And every time I think of it, I’m reminded of an extraordinary book my husband and I read, called “Keeping Kids out of the Middle” by Ben Garber, a child psychologist.
I wish it was mandatory reading for parents who are divorcing.
The book’s purpose is to show parents the various ways they’re putting their kids in the middle by not co-parenting effectively, the damage it’s doing to the children, and how they can STOP doing it.
An interesting point is that when Dr. Garber describes co-parenting, he’s not only referring to the mother and father. He’s referring to every adult who “shares a critical interest in the child’s well-being.”
This addresses one of the core problems between moms and stepmoms; many times, mom doesn’t even want to acknowledge that the stepmom exists, much less is taking an active role in co-parenting her child.
But the fact remains, regardless of how the ex-spouse feels about this new person, the best thing for the child is to accept them as a co-parent. And do what you can to work WITH them, instead of against them.
We all know this isn’t easy, but it is what’s best for the child. And don’t we too often see parents saying they want what’s best for their child, but when it comes down to their actions, they’re unable to put their child’s interest ahead of their own?
And whether co-parents get to choose each other (nuclear family), despise each other (bitterly divorced) or don’t even know each other (ex-spouses new partner), if one can open their minds and hearts to the idea of co-parenting, their children will be better for it.
The book describes a parent’s responsibility as weaving a safety net for their children. In order to weave this safety net, parents need communication, compromise and cooperation.
The more there is of these, the tighter the safety net. The less there is of these, the more holes that appear in the safety net, and the more insecure the children will feel.
Funny thing about kids, even though it’s best for the child to have this tightly woven safety net, so he feels completely secure, if given the opportunity, the child will see how many holes he’s able to make in the net.
He will see what he can get away with. He will test limits.
If the parents react firmly and directly, he’ll learn where the limit is and even though he won’t be happy about it, he won’t cross it. He’ll feel reassured and secure.
But if parents act inconsistently and selfishly, the child will attempt to get away with as much as possible, all the while feeling “insecure and uncontained.”
Do you see this with your own children or your stepchildren?
So what does it take to co-parenting effectively?
At the very least, you need a healthy, adult relationship, which is a two way street. It’s defined by reciprocity, give and take. Are you currently experiencing that?
This is extremely important, because the way the child experiences the co-parenting relationship sets him up for all of his future relationships.
Without effective co-parenting, the child cannot learn:
- mutual respect
- shared intimacy
- respectful communication
- shared feelings
All of the above are required to sustain a healthy, adult relationship. If the child doesn’t witness this, he may be in for a future of troubled or failed relationships, continually reproducing the conflict-ridden, emotionally-unhealthy situation he experienced as a child.
What parent can bear the thought of that? Knowing their behavior is partially responsible for the challenges their child will face as an adult? I would guess not many, and yet…

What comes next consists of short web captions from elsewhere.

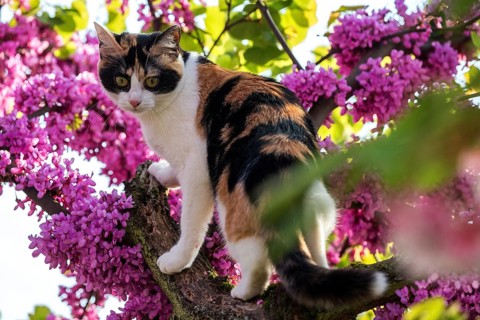 Cat (Felis catus)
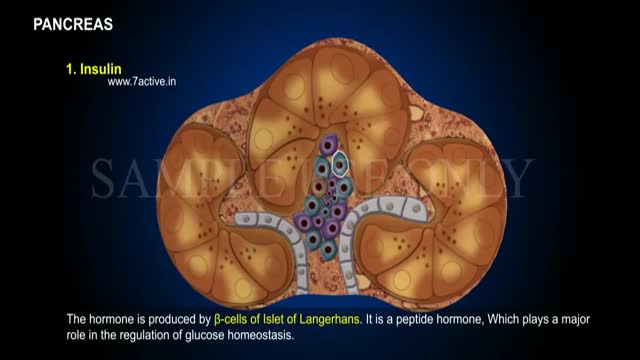 ⁣PANCREAS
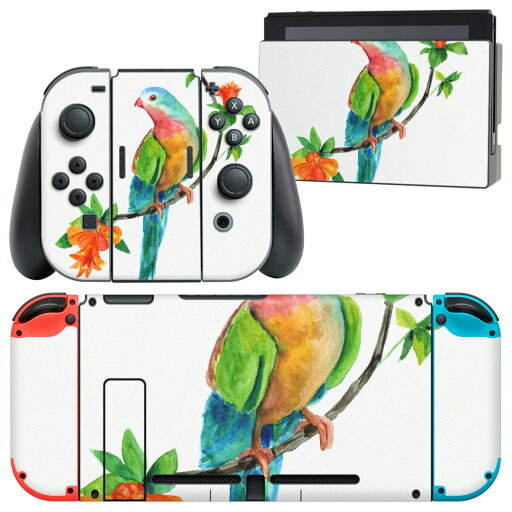 igsticker Nintendo Switch 用 デザインスキンシール 任天堂 ニンテンドー スイッチ 専用 本体ドック Joy-Con Joycon ジョイコン 専用 ゲーム機 カバー アクセサリー フィルム ステッカー 016279 植物 草 鳥 igsticker Nintendo Switch 用 デザインスキンシール 任天堂 ニンテンドー スイッチ 専用 本体ドック Joy-Con Joycon ジョイコン 専用 ゲーム機 カバー アクセサリー フィルム ステッカー 016279 植物 草 鳥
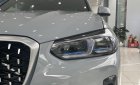 BMW X4 2022 - 3 tỷ 499 triệu
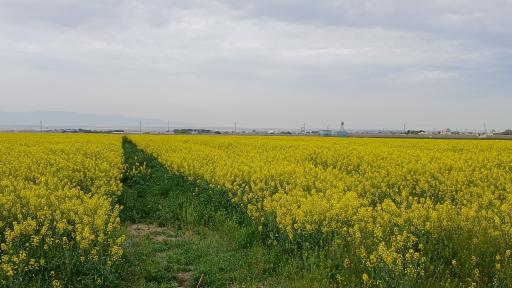 عکس کوهین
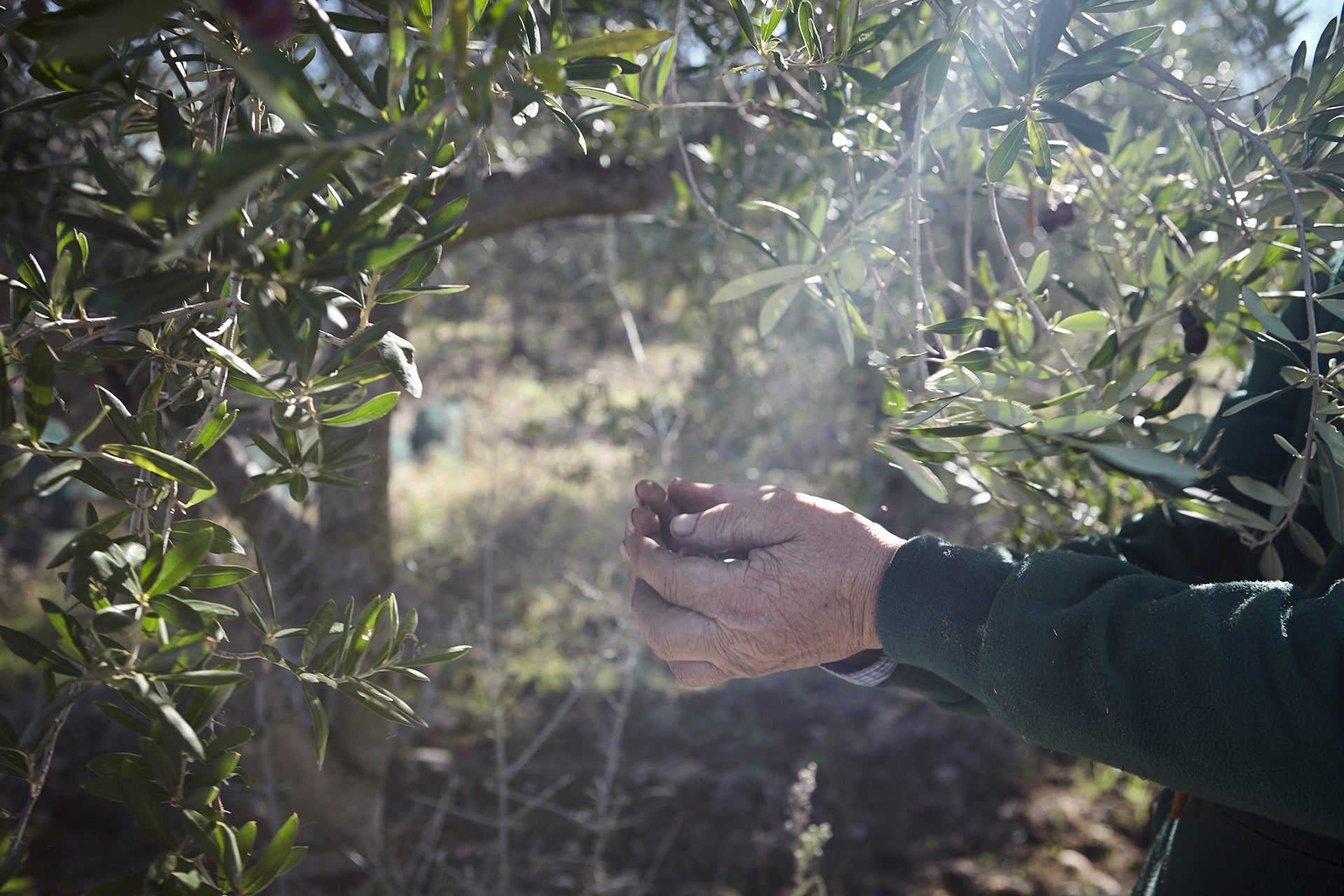 i-frantoiani-del-vulture-basilicata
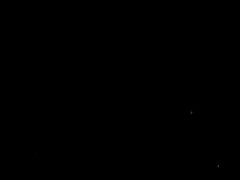 -青山公园萤火虫科普展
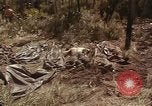 Image of United States soldiers Vietnam, 1965, second 27 stock footage video 65675075030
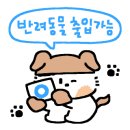 무드 인 캐비넷 이미지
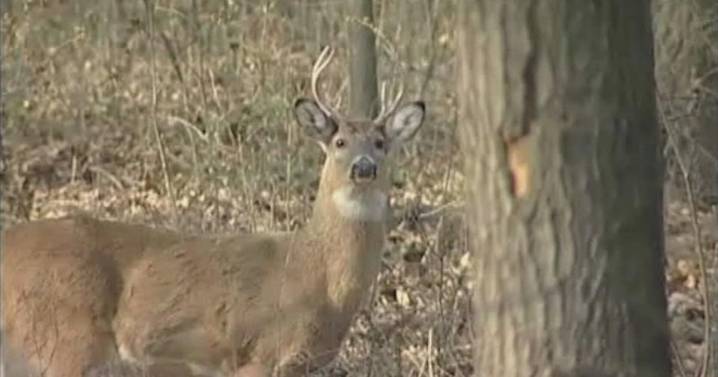 Snowy Iowa forecast signals start of popular deer gun season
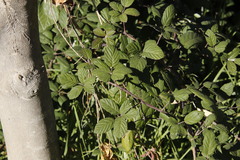 Rubus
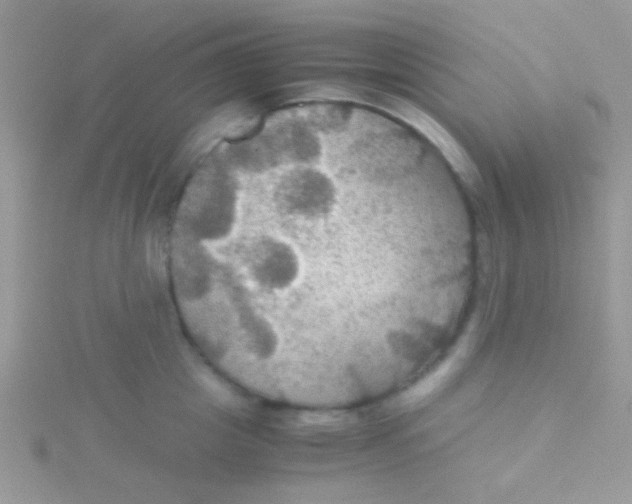 X0000115390857200911241245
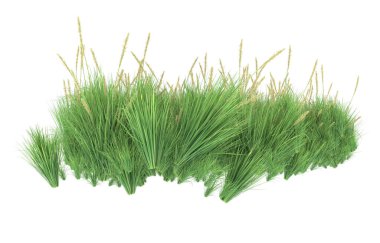Field of grass isolated on white background. 3d rendering - illustration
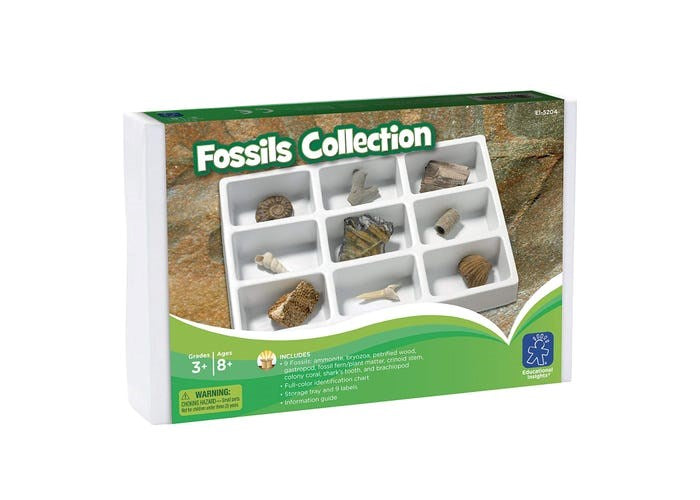 **Learning Resources Fossils Collection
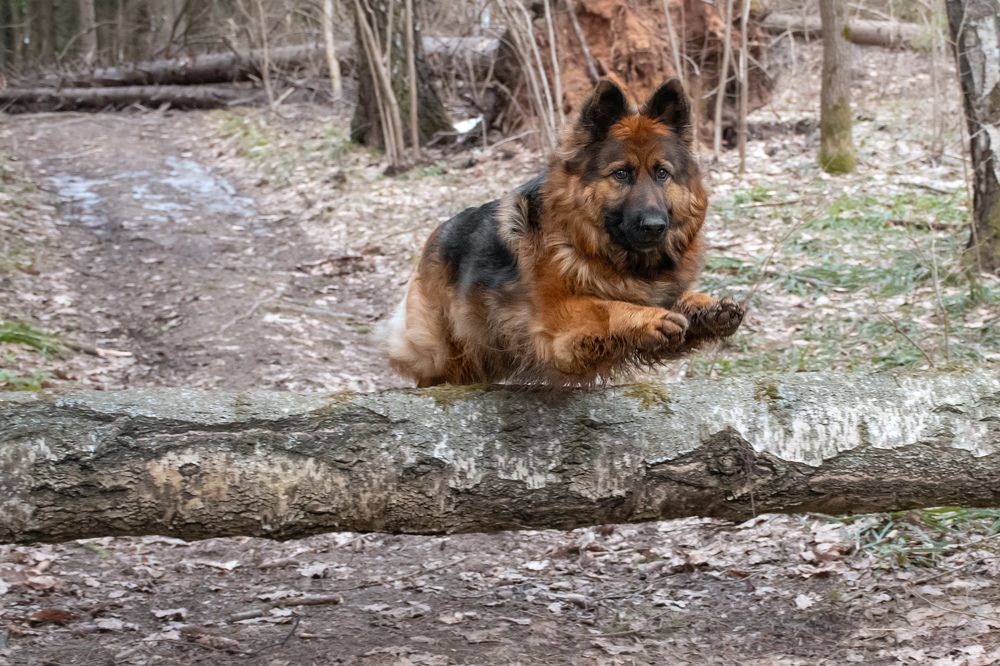 Photograph by Ирина Полунина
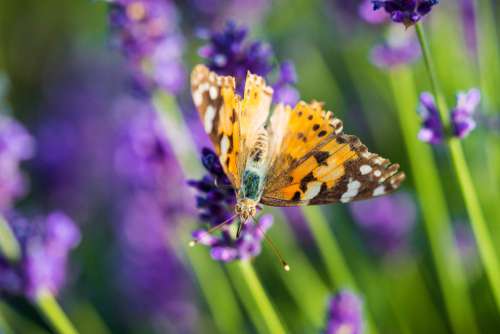 Beautiful Butterfly in Lavender Field Free Photo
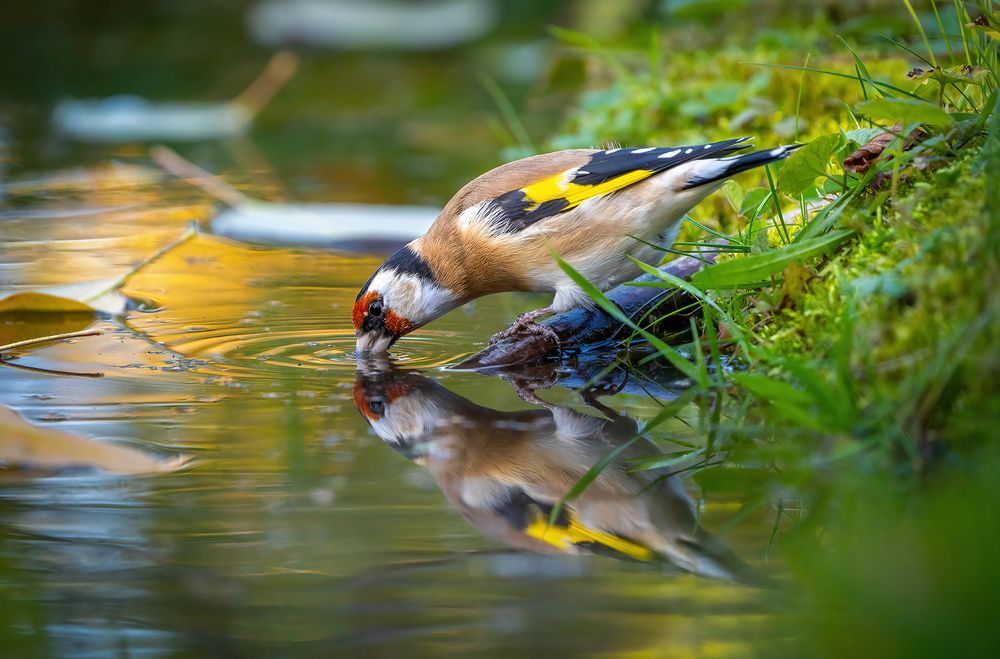 Photograph by Игорь Кляхин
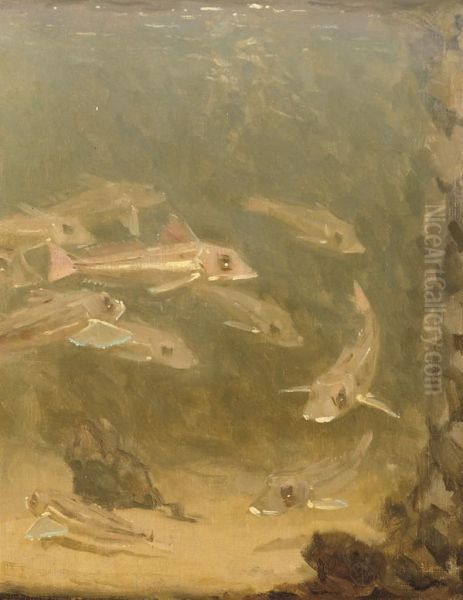 Poonen: A Shoal Of Gurnards Oil Painting by Gerrit Willem Dijsselhof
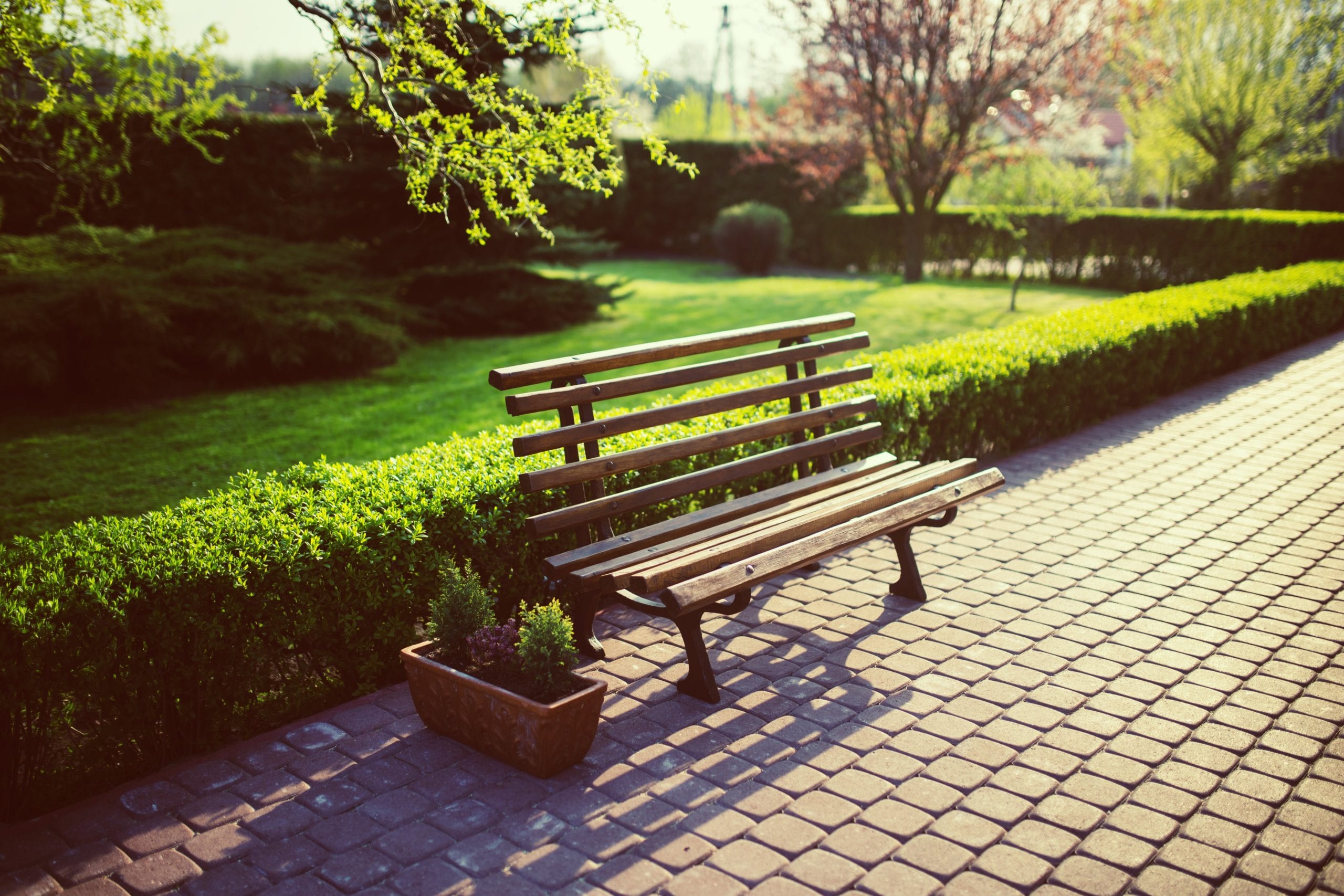 backyard-bench-flora-5760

One of the most important essential key elements to effective co-parenting, and probably one of the most challenging, is to always promote the child’s relationship with the other parent. (excluding situations that include abuse or violence)
This means speaking respectfully to and about the other parent.
This is extremely difficult when one parent has unresolved feelings towards the other. Or when one parent feels the other parent is trying to sabotage them and their relationship with the child.
But it’s all about taking the high road here, because if we’re looking at what’s in the child’s best interest, the adult’s feelings should never hinder the child’s relationship with the other parent.
The parent must also make his/her own well-being a priority. When parents take care of their own emotional and physical health, they are teaching the child, by example, to take good care of themselves.
And isn’t that a lesson we all wish we had learned long ago?
What’s your co-parenting experience like? What’s one small step you can take towards improving it?